Now, the Bolton-based North West Landlords’ Association, which represents private landlords, has too voiced its concerns.
Sharon Betton, its business development officer, said several of its tenants were going to experience poverty across the private, council and housing associations sectors. The landlords were concerned. Though they did not want to evict tenants but expected some return on their investment
They are worried that many tenants would fall into difficulties if limited incomes were reduced further and even more if they receive money in lump sum rather than budgeting.
A tenant on benefits would not be welcome as far as the landlord would be concerned meaning discrimination against the poorest who will have to fend themselves into poorer accommodation with the worst landlords eventually the society would suffer.

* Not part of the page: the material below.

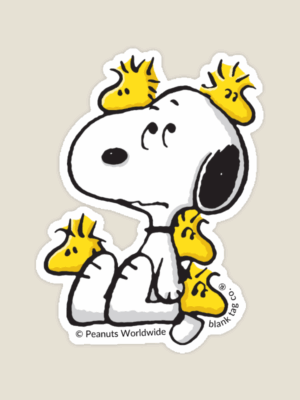 Snoopy & The Woodstock Swarm Peanuts Sticker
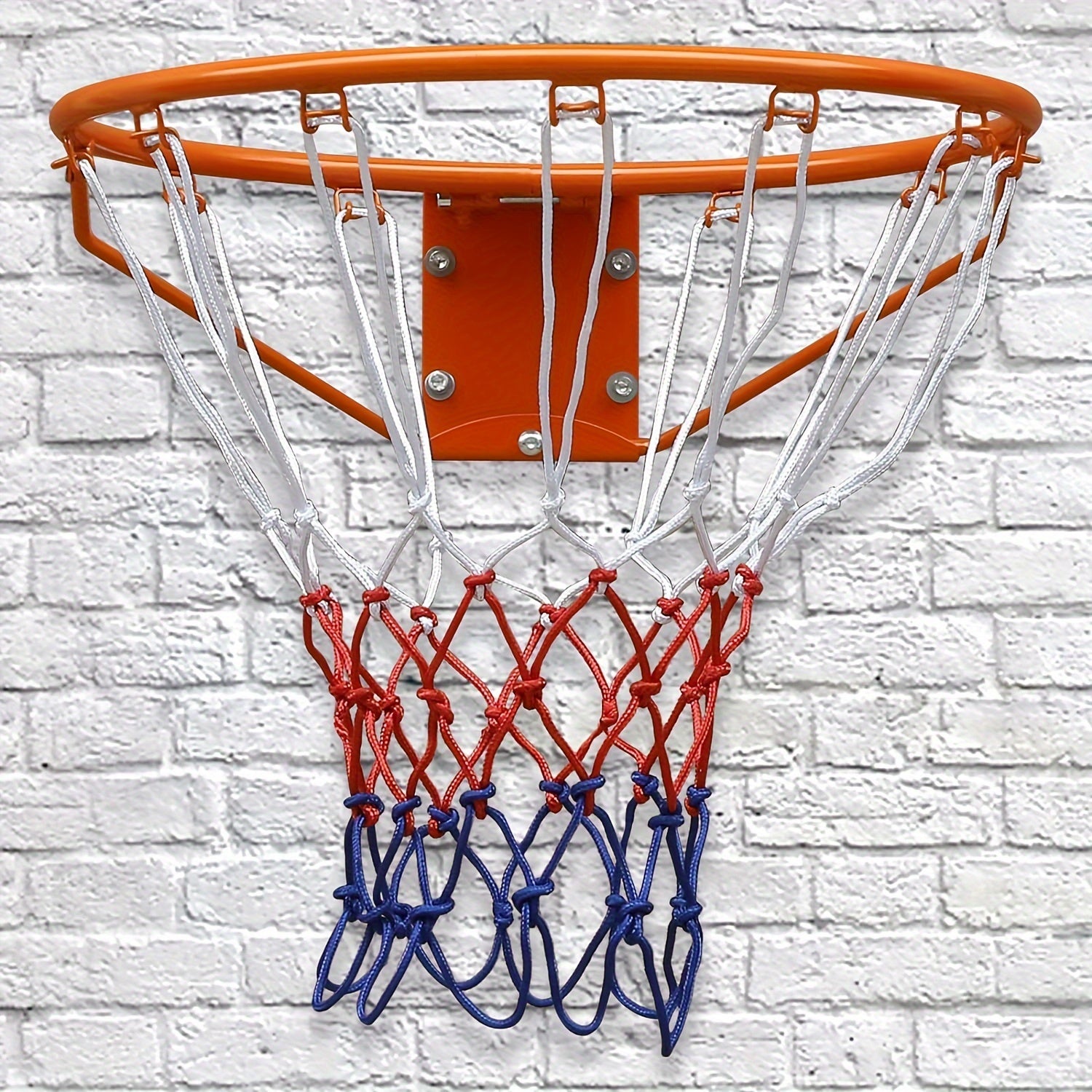 Heavy Duty Basketball Net Replacement - Durable Nylon Woven - 12"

But she added the situation in Bolton could be more positive as the Bond Board was formed there 19 years ago and was one of most successful schemes in the country. A bond is offered to those who cannot afford a deposit, which works as a written guarantee, taking the place of a cash deposit. This work is done by a charity that works with homeless people and families.
The bond is payable at the end of a tenancy if there are rent arrears, theft or damage. Many private landlords have assisted the board and this has given them a realistic view of tenants’ difficulties.
Mrs Betton said landlords had already taken financial hits in recent years. Housing benefit dropped last year. For a single person aged under 25, it fell from £50 to £45. The £5 shortfall was almost impossible to collect so many landlords accepted reduced rents. Further reductions took place for single person under 35 without children living permanently with landlords get a lower payment.